Set down all of the data exactly. Pictures stay out of the copy.

* Data section *
****************************************
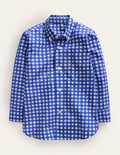 Cotton Shirt-Blue Gingham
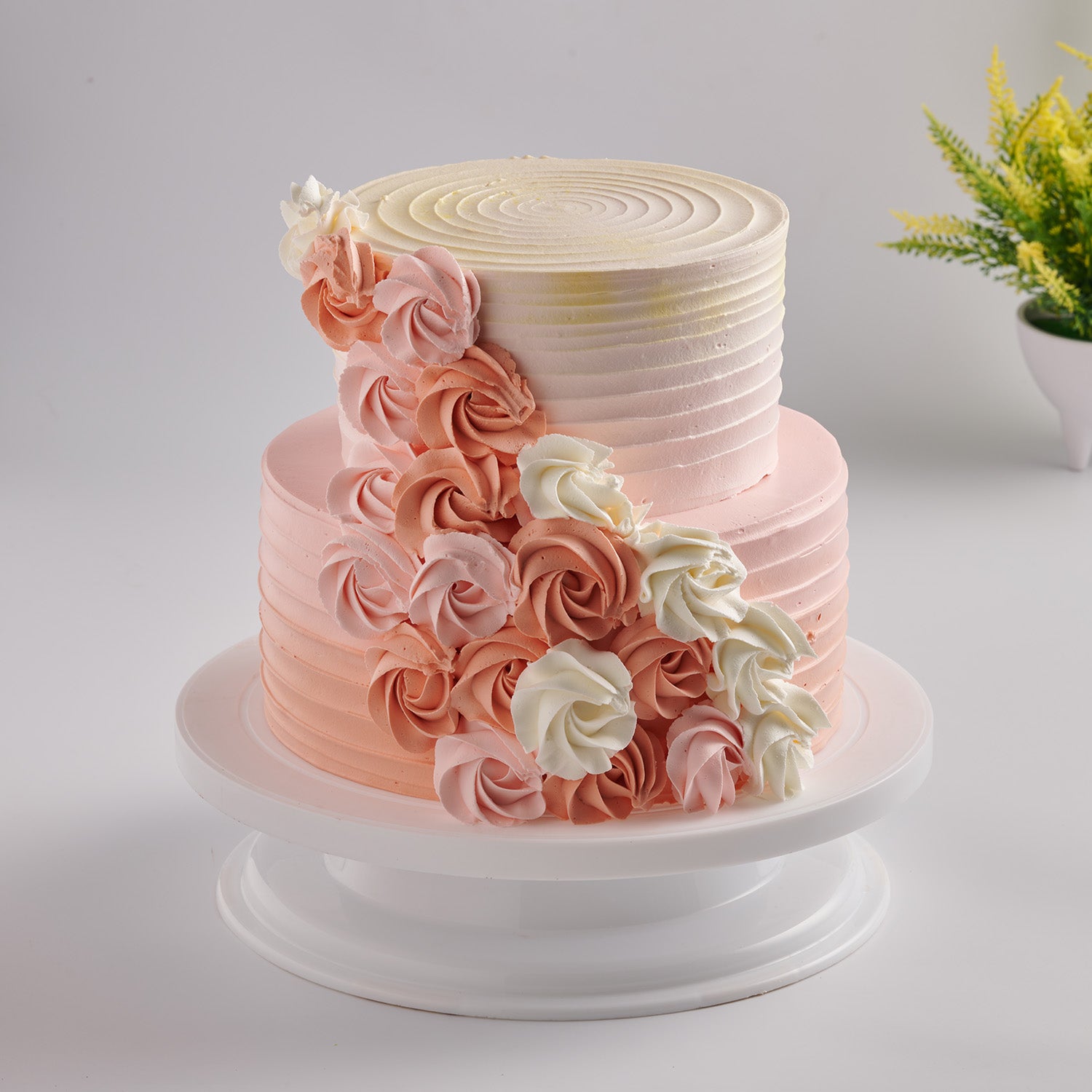 Wedding 2 tier Roses cake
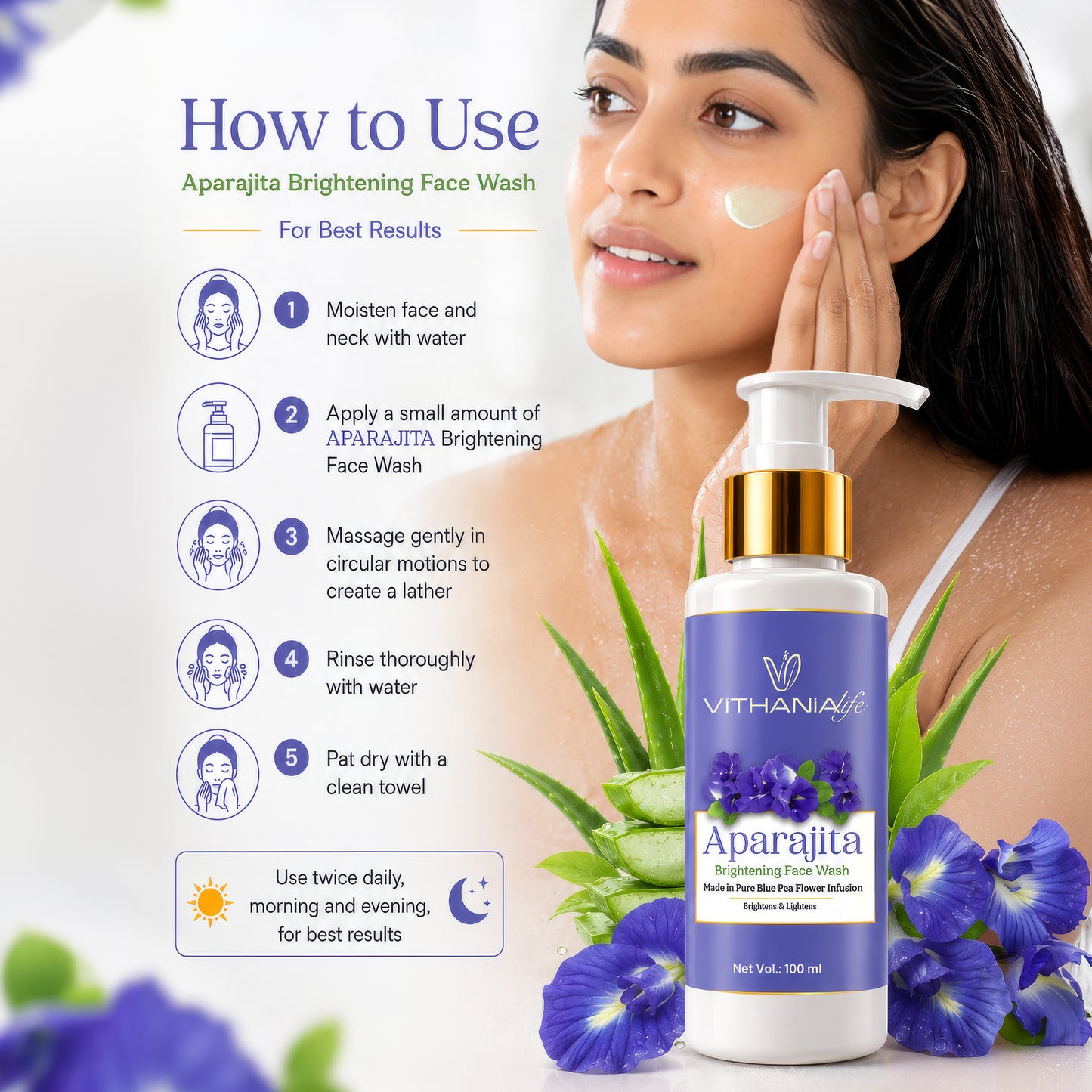APARAJITA Brightening Face Wash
****************************************
* Finished exercise *
 Cotton Shirt-Blue Gingham
 Wedding 2 tier Roses cake
APARAJITA Brightening Face Wash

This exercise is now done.